Pratiquement, ces petites centrales fonctionnent avec des coûts opérationnels raisonnables parce que Repower est propriétaire de ces sites depuis des décennies et les investissements ont donc déjà été amortis. Néanmoins, si devions bâtir de nouvelles centrales hydroélectriques, nous privilégierons une taille critique par souci d’efficacité. Toutefois, chaque projet de nouvelle installation doit être évalué individuellement.
Les activités de Repower sont très variées même si elles sont toujours en relation avec l’énergie. Cela ne serait pas plus rationnel et rentable de vous concentrer sur une palette réduite d’activités?
Historiquement, Repower a construit une première centrale électrique pour les chemins de fer Bernina et du nord de l’Italie. Ensuite, nous avons exploité et maintenu cette centrale et bien d’autres encore. L’exploitation des réseaux électriques correspondants – ainsi que d’autres installations – a été une suite logique, tout comme notre extension en direction de la Lombardie.
Notre palette de services peut sembler excessivement étendue mais cela est notamment possible car nous travaillons en partenariat avec d’autres acteurs. En outre, notre focalisation sur la Suisse et l’Italie, avec des modèles commerciaux différents, permet également une diversification des risques.
Vous disposez de dix parcs d’éoliennes en Italie et de trois parcs en Allemagne. Pourquoi aucun en Suisse?
Pour mettre en place un parc d’éoliennes, nous sommes confrontés à trois défis. Primo: nous devons avoir accès à des grands terrains parce que seule l’exploitation de plusieurs éoliennes est économiquement intéressante; trouver ces grands terrains en Suisse n’est pas une sinécure. Segundo, l’obtention d’autorisations prend du temps (facilement cinq à dix ans, voire plus) et les recours sont toujours possibles. Tertio, l’intensité du vent est une condition importante qui est plus facile à satisfaire en Italie (par exemple dans les régions côtières) qu’en Suisse.
Repower possède presque mille stations de recharge pour voitures électriques en Suisse et en Italie. Néanmoins, les propriétaires de ces véhicules se plaignent de la faible densité de ces stations.
Mais nous continuons à investir dans ce domaine! De plus, le problème principal n’est pas la faible densité des stations de recharge mais leur manque de standardisation. Cela oblige les automobilistes à télécharger une multitude d’applications. Ce manque de standardisation devrait toutefois être résolu avec le temps.
Comment voyez-vous le futur de votre entreprise?

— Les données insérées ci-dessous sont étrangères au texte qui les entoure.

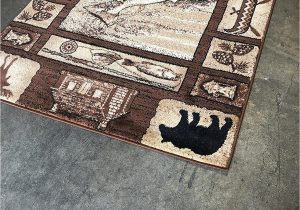 Nightmare before Christmas area Rug Carpet King Cabin Style Big Bass Fish area Rug Design 363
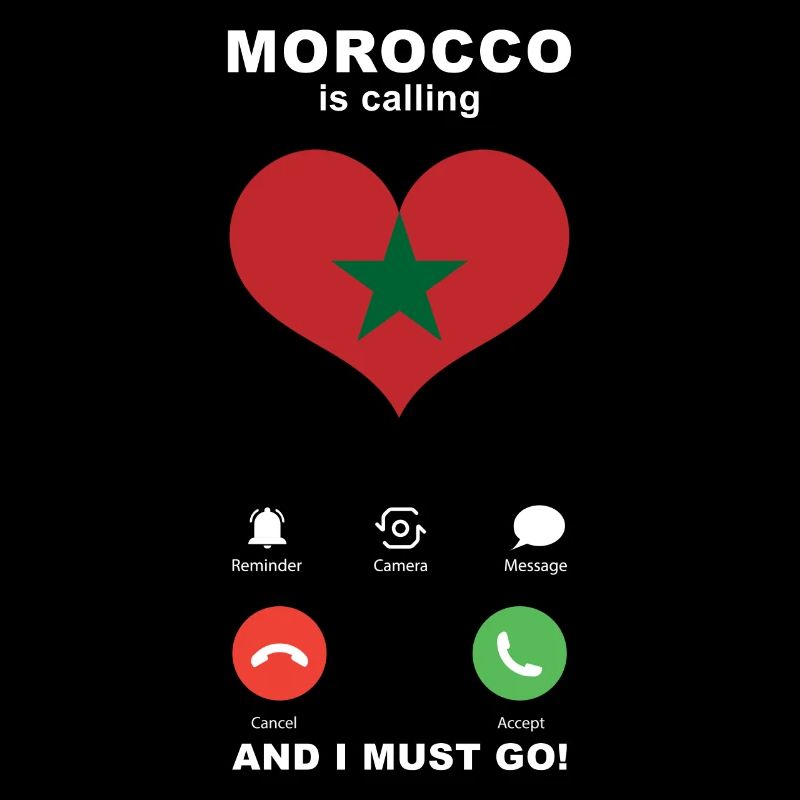 Morocco is calling Morocco Heart Souvenir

Nous allons poursuivre notre focalisation sur le canton des Grisons et le nord de l’Italie. De plus, nous allons continuer nos investissements dans les énergies éoliennes et solaires en Italie ainsi que dans l’énergie solaire dans les Alpes. Finalement, mon but personnel est la construction d’une nouvelle centrale hydroélectrique hautement profitable.